Following the BBC’s program ‘The Big Questions’ this morning (17/2/2013) I decided to contact one of the panelists Timothy Stanley, asking about some of his views expressed and including those in his Telegraph blog post ( ‘Pope Benedict XVI resigns: the mainstream media just doesn’t get god or Catholicism’. I think they do Tim.

Dear Dr Timothy Stanley,

I’m writing to you after watching ‘The Big Questions’ this weekend and have a few questions based on your outlook on the Catholic church and your recent article ‘Pope Benedict XVI resigns: the mainstream media doesn’t get God or Catholicism’.

Firstly it’s well understood that in modern societies religions are reformed by secular pressures, indeed a move away from the faith and its scripture is a move towards modernity and respect for human rights above the commands of hysterical, patriarchal, totalitarian institutions. I find your ‘media sins’ to be false and have taken the time to reply to these and how they reflect your logical and intellectual dishonesty or ignorance on these topics.

You refute the media’s typical definition of Benedict as conservative? To say that within Catholicism there is no right or left and therefore no conservatism is like saying: within the BNP there is no right or left, within the Third Reich there was no right or left; therefore Nick Griffin or indeed Adolf Hitler could not be considered right wing conservatives. This is obviously nonsense and compared to a modern society with regard for equality and human rights Pope Benedict can comfortably be considered a conservative. The pope is appropriately considered conservative against the societal spectrum of political ideals within which the church operates.

You make the claim that Benedict’s resignation is in no way indicative of the church being in decline. While the reasons can’t currently be known your statement certainly suggests that there is not a heightened dislike for Benedict which is echoed in your previous post ‘Pope Benedict will be missed’. Benedict is an elderly celibate man who associates with holocaust deniers and is heavily implicated in the cover of abuses; the worst of the Catholic Church encompassed in one man. It’s naïve to suggest that Catholicism is on the rise and absolutely reasonable to deduce that these offenses are likely causes of his resignation.

With regard to the airtime afforded to the Pope’s critics your analogy certainly falls short of any relevance. The pope will probably have a ‘sending off’ party which will in fact, be extended to his prolonged accommodation within the Vatican City to protect him from international law. Of course Richard Dawkins would not be invited, what your asking is for people to keep their criticisms to themselves in the public sphere. In the examples of likely topics for criticism your flippant nature towards one of the Catholic Church’s most abhorrent grievances regarding women’s rights over their own bodies is an ugly reflection of these attitudes. Are you bored of hearing people criticise the church for its human rights offenses?
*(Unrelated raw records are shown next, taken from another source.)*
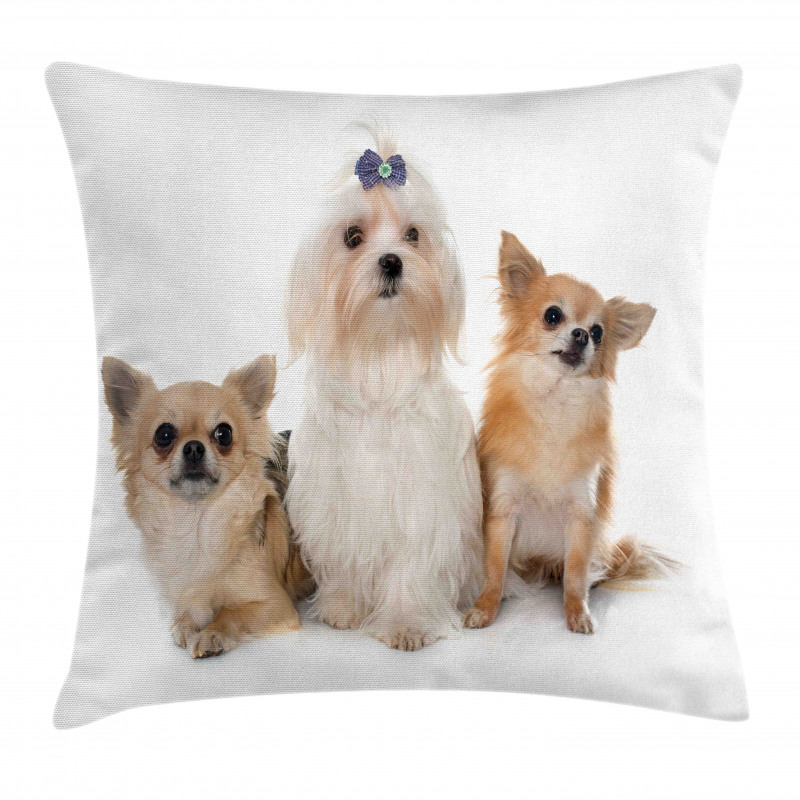 Chihuahua and Maltese Dogs Pillow Cover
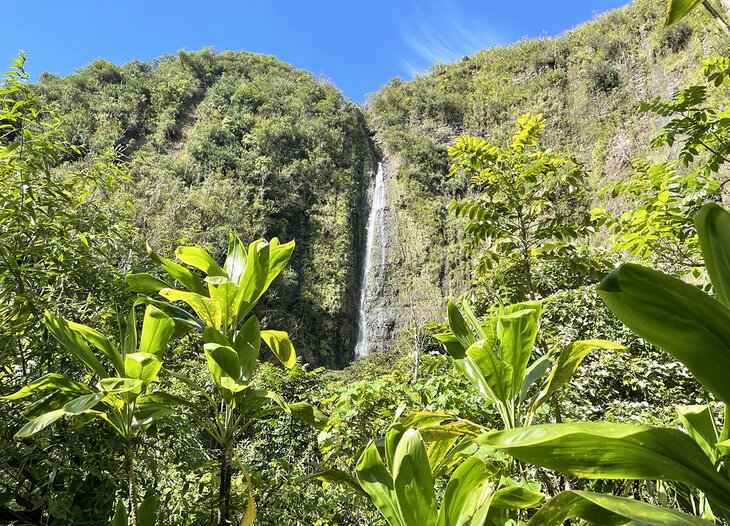 Waimoku Waterfall, Maui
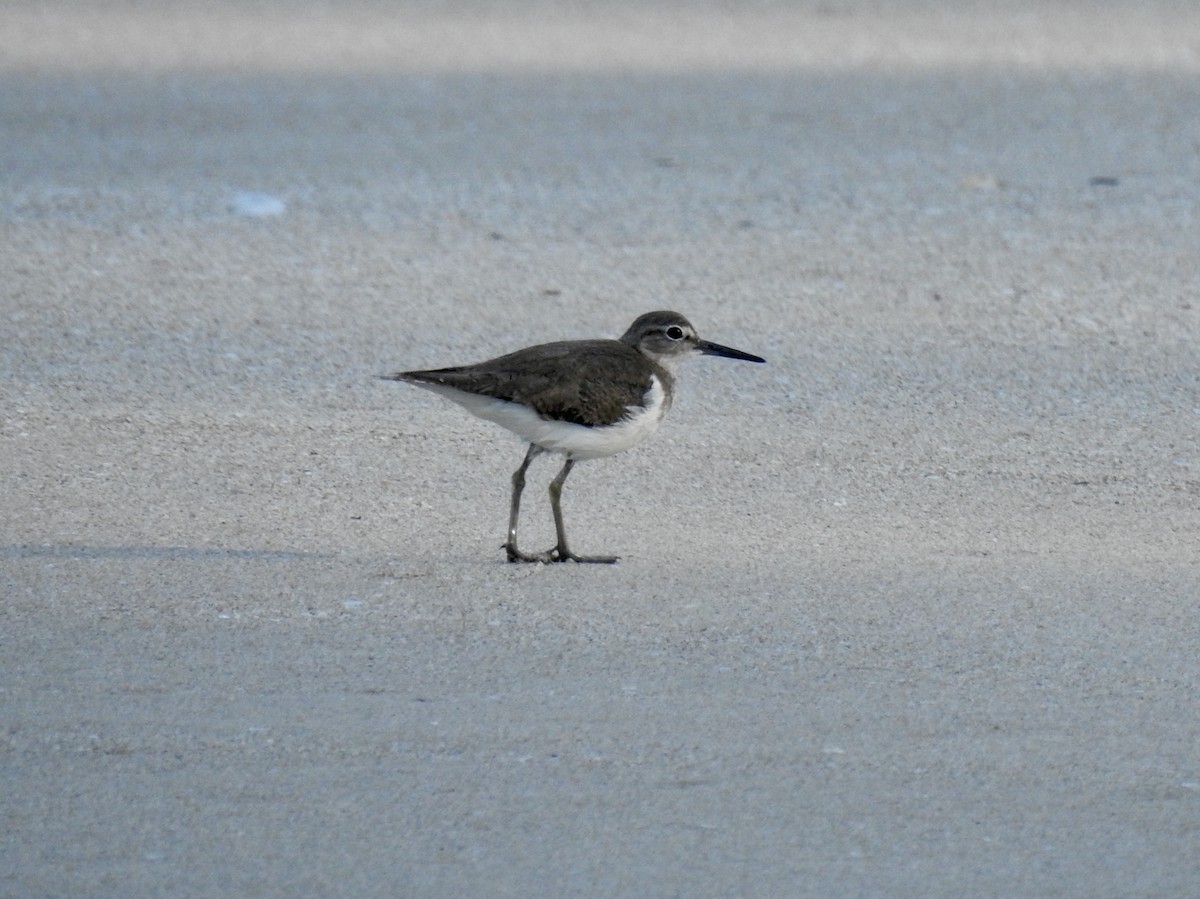 Common Sandpiper - ML88969201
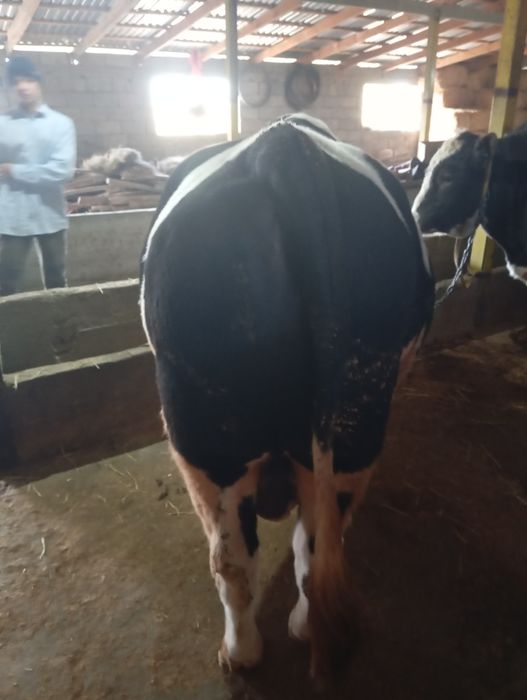 Бычки 2,5 годовалые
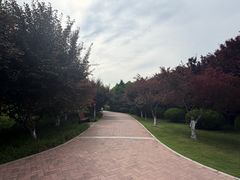 -郑州植物园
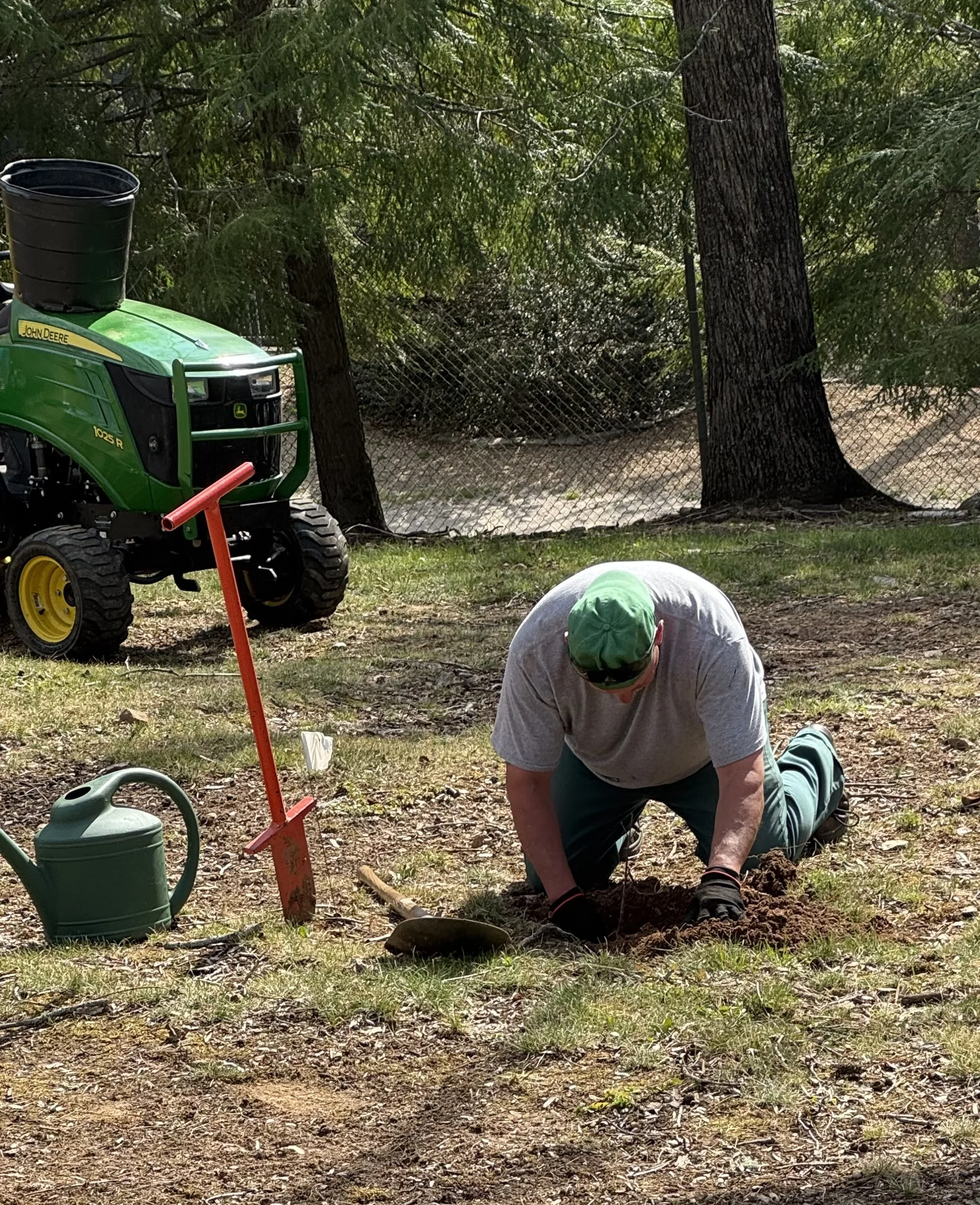 Tree Planting - Governors Western Residence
While it’s refreshing for a Catholic to admit the nature of religion you can’t seriously be suggesting that reform is not needed? Or that the church has not already been significantly reformed? Do you believe it to be a good thing that the church remains dogmatic in the face of rising secular change towards genuine morality, ethics, equality and scientific progress?

The Catholic Church either requires reform or sending back to the 1st century.